Sound blockers are usually made of vinyl, a dense but flexible material that also offers strength, durability, and resistance to moisture and humidity. Mass loaded vinyl (MLV), a type of vinyl, is often used because it contains salt, sand, or tiny metal particles for added mass with minimal thickness. This added mass helps to block the sound. MLV’s flexibility supports loading when an external force, such as pressing or bending, is applied. MLV’s relative thinness also supports effective acoustic insulation in tight spaces.
Mass loaded vinyl can be used as a standalone sound blocking material or in conjunction with sound absorbing or sound dampening materials. Although MLV provides good environmental resistance, it is important to remember that other types of acoustic insulation may have different material properties. Therefore, a sound barrier that’s suitable for a factory office may not be able to withstand the splash of automotive fluids in an engine bay, or the petroleum products used with machinery and equipment.

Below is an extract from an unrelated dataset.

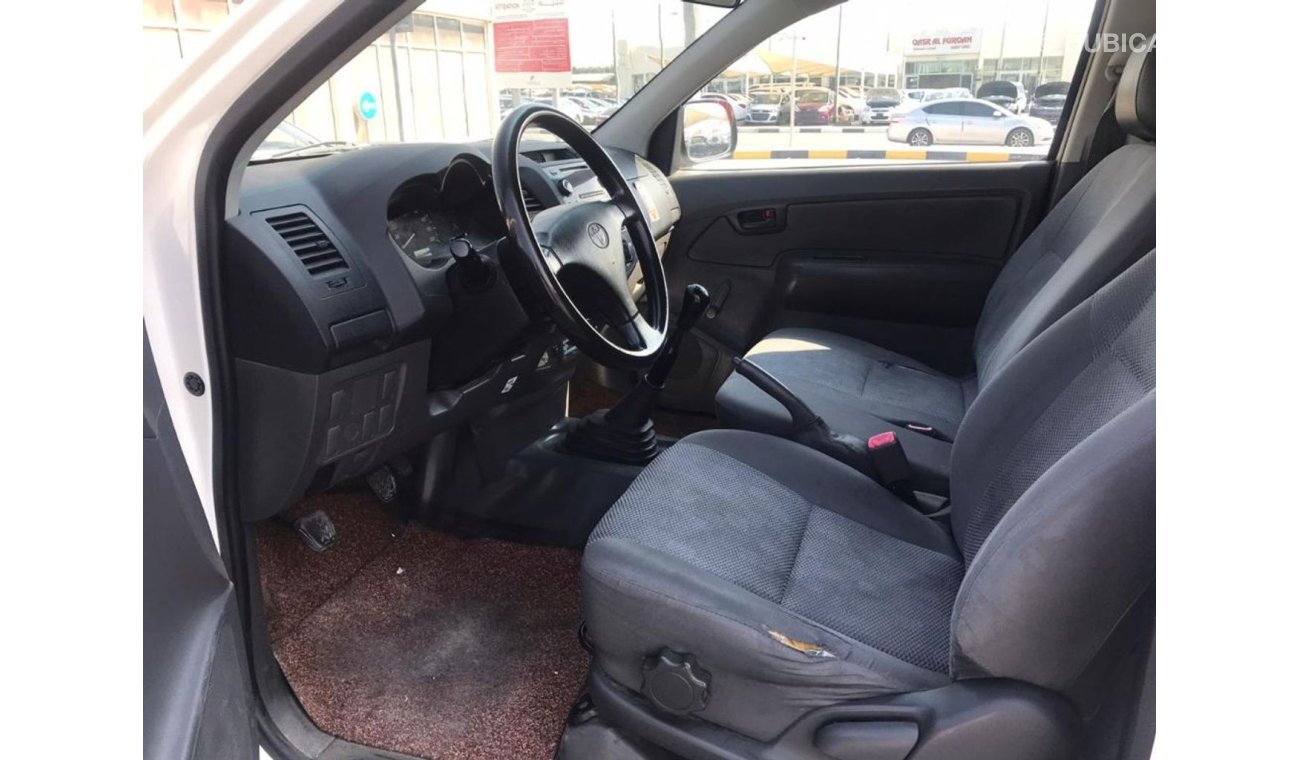 Toyota Hilux Toyota Hilux 2014 chelar gcc for sall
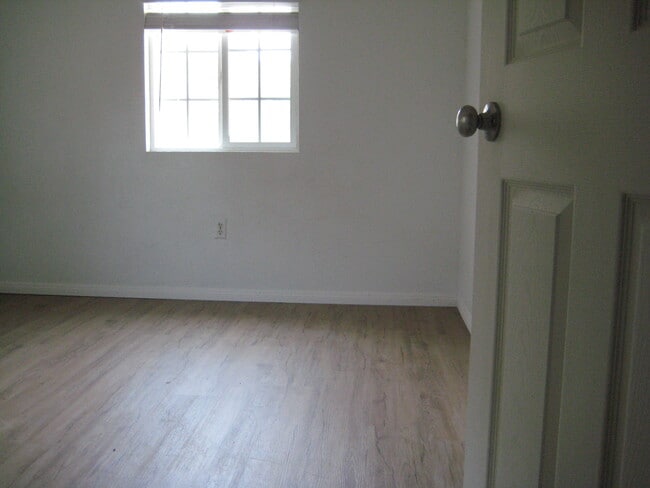 Building Photo - 253 Leighton Dr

How are sound blockers made?
Sound blockers are supplied as sheets or rolls and converted to application-specific shapes and sizes with water jet cutting. The precision that water jet technology provides helps to prevent the creation of sound-permitting air gaps that can result when sound blocking materials with poor-quality cuts don’t conform with product features. Elasto Proxy has several water jet cutting machines for industrial rubber products.
Elasto Proxy can also combine materials together to create an acoustic insulation “sandwich” with the specific properties that you need. For example, we can laminate sound blockers to foams and facings that provide sound absorption and sound dampening. Melamine, a sound absorbing foam, is lightweight and flexible. Facings can provide frequency attenuation, chemical or abrasion resistance, decoration, or support for cleaning.

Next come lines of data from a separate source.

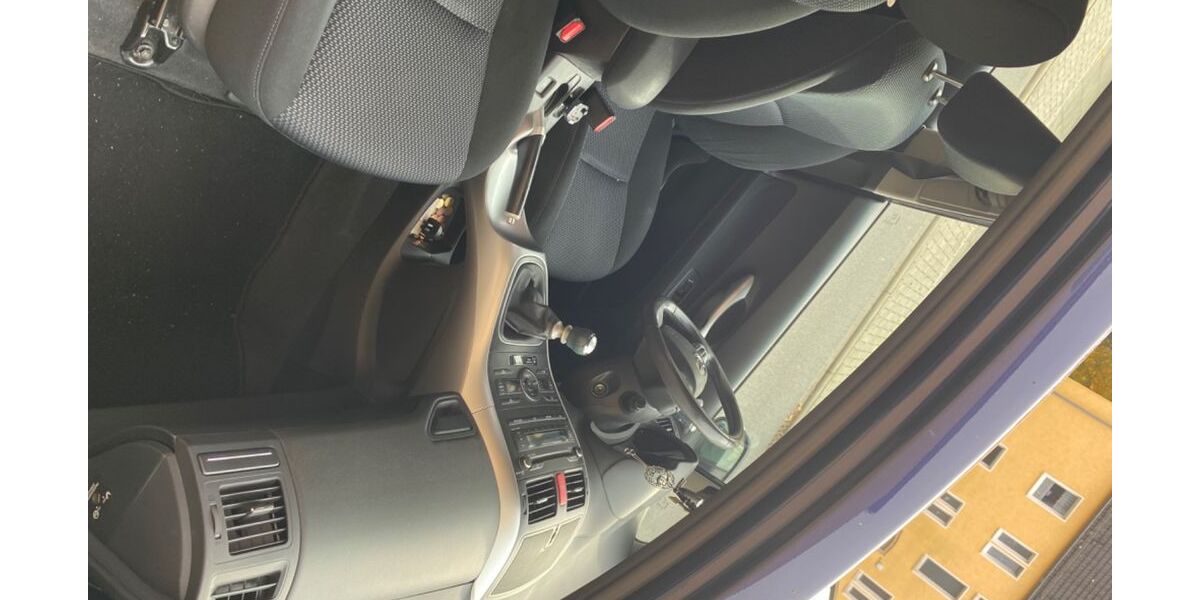 Toyota Auris 189.000 km 3.000 &euro; Osnabrück 49088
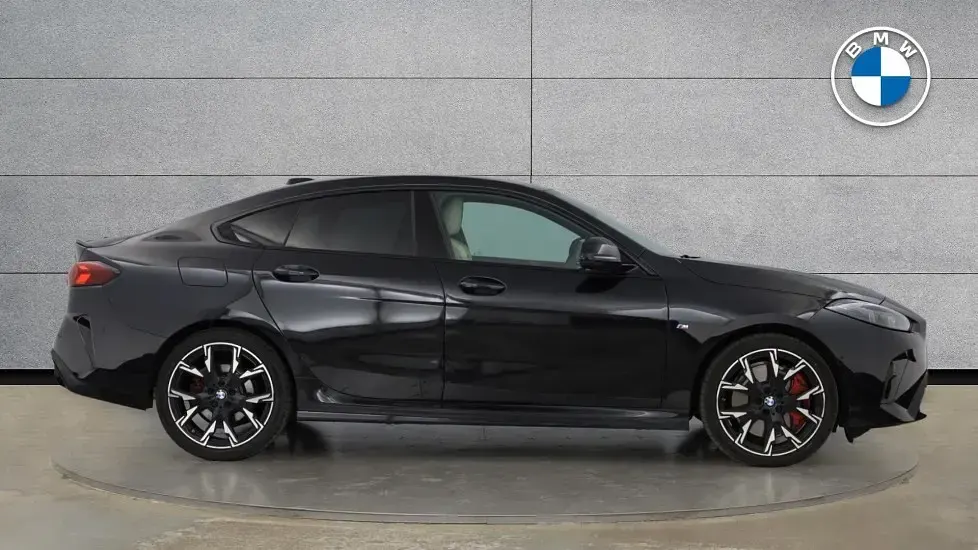 Second-hand BMW 220 M Sport 168 CP (123 kW) 2025 Negru Coupe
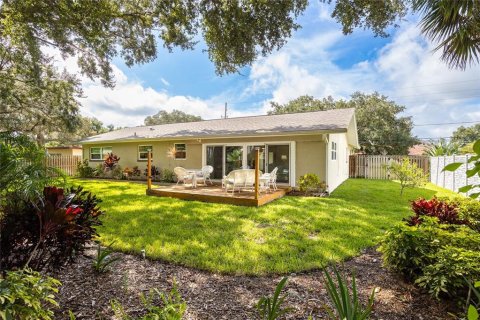 House in Dunedin, Florida 3 bedrooms, 202.43 sq.m. № 1883279 - photo 30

Sound blockers from Elasto Proxy can sandwich the barrier material between a decoupler and a layer of acoustic foam. Decoupling, the mechanical separation, of two sides of a structure, causes the sound barrier and the acoustic foam to vibration independently of each other for effective sound isolation. Elasto Proxy can also apply a pressure-sensitive adhesive (PSA) tape with a removable liner for installation.
Where do you install a noise blocker?
Ideally, noise blockers are installed as close as possible to the sound’s source, such as in an engine bay. The next best location is near the receiver, such as the driver in a mobile equipment cabin. You can also install our sound blocking products on walls, ceilings, or floors; around pipes or HVAC ducts; or within machine enclosures, mechanical rooms, or mobile equipment.
Does Elasto Proxy provide acoustic insulation samples?
Yes. For acoustic insulation samples that you can see for yourself and hold in your hands, ask for the Elasto Bag. This sackful of samples from Elasto Proxy includes FM-500-60-ZM flooring, a single layer of acoustical foam that’s bonded to a sound barrier. The top of insulation sandwich features a durable, wear resistance, diamond plate design. Applications for FM-500-60-ZM include floormats and flooring in both on-road and off-road equipment. It’s also a good choice for runner and anti-fatigue mats.